An intermittent tribal business · My next tribal enterprise · To distinguish is to know. · The civilized hate and fear tribal people · Tribes and communities
Quinn uses an illegal business as an example of a tribal business. Although he calls no attention to this fact, what point is implicit in this? At the end of The Sting, the participants divide up the proceeds of the sting–and then what? Make a conjecture about what they do next.
Besides the ones the author suggests, what are some activities you’d like to see offered at a Circus of Learning? Suggest some sites in your own area that would seem suitable for the kind of Circus of Learning that Quinn describes.
Do you know of any enterprises in your area that seem to you to be as tribal as, say, the Rimsky-Korsakoffeehouse?
Does it “sound plausible” to you that tribal people get more out of life? Would it have sounded plausible to you before you read this book?
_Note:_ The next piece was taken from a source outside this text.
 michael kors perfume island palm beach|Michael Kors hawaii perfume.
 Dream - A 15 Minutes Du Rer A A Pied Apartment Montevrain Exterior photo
Reacting to revelations in the fall of 1999 that the government did in fact shell the Branch Davidian compound with pyrotechnic devices, one of the survivors of the ensuing conflagration said they’d been saying this “for years,” explaining that “people just automatically believed what they were told because the government and certain members of the press did such a good job of demonizing the Branch Davidians.” Does Quinn’s idea that “the civilized hate and fear tribal people” satisfy you as an explanation of people’s readiness to “believe what they were told”?
Do you find it hard to imagine “totally decent” people being attracted to the tribal life?